He is working in Software Reliability Section, BARC and has been closely associated with Mr. S.D. Dhodapkar who is known for his contribution toward methodologies for *High Integrity Safety-Critical System* Design. He has contributed significantly toward the development of static analyzers for C and assembly languages in BARC. During the last few years he has been working toward inducting formal methods for software developments in BARC. He has been closely associated with the research groups at Centre for Formal Design and Verification of Software (CFDVS) at IIT Bombay and School of Technology and Computer Science, TIFR. He has also worked in many collaborative research projects with other national laboratories like ISRO and DRDO. He was a visiting scholar in 2004 at the University of Trento, Italy under an Indo-Italian academic program.

#### **Biography of Supervisor**

| Name          | Prof. R.K. Shyamasundar                                 |
|---------------|---------------------------------------------------------|
| Qualification | Ph.D (Computer Science and Automation), IISc, Bangalore |
|               | M.E. (Electrical Engg.) IISc, Bangalore                 |
|               | B.E. (Electrical Engg.), University of Mysore           |
| Area of Work  | Real-time Distributed Systems, Programming Languages,   |
|               | Logic Programming, Reactive systems & Formal Methods    |

He joined the National Centre for Software Development and Computing Techniques established at the Tata Institute of Fundamental Research (TIFR) under United Nations Program. He did his post-doctoral work during 1978-1979 as an International Research Fellow at Eindhoven Technological University, Eindhoven, Netherlands under the famed Professor Dr. Edsgar W Dijkstra. On his return he started the Theoretical Computer Science Group at TIFR covering areas of concurrency, real-time programming, specification and verification of software etc. He was the first Dean of the School of Technology and Computer Science at the Tata Institute of Fundamental Research. He had various assignments at IBM TJ Watson Research center, Eindhoven University of Technology, The Netherlands, State University of Utrecht, the Netherlands, Pennsylvania State University, University of Illinois at Urbana, University of California, San Diego, ENSMP Sophia Antipolis, IRISA, Rennes, Verimag Grenoble Max Planck Institute for Computer Science at Saarbrucken etc. He has more than 200 publications and several patents in US and India. Thirty students have done their Ph.D. under his guidance in India and abroad.
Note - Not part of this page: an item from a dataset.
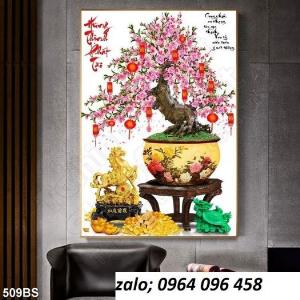 Tranh gạch men 3d hoa anh đào - 8999CP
He has served as a consultant to Esprit projects at The Netherlands and several industries in India. He has worked towards setting centres of excellence such as Centre for Formal Design and Verification of Systems (CFDVS), IIT Bombay (Center set up from BRNS with participation from TIFR, BARC, and IIT Bombay), Cyber Security Education centers under DIT, Govt of India, Discrete Mathematics and Theoretical computer Science Centers under support from DST. He has contributed significantly in guiding the international co-operations such as Indo- French, Indo-Italian and Indo-US in the research areas of computer science.

He is a Fellow of the Indian Academy of Sciences, Fellow of the Indian National Science Academy, Fellow of the National Academy of Sciences, Fellow of the Indian National Academy of Engineering and Fellow IEEE (USA). He is member of IEEE standardization committee on Esterel.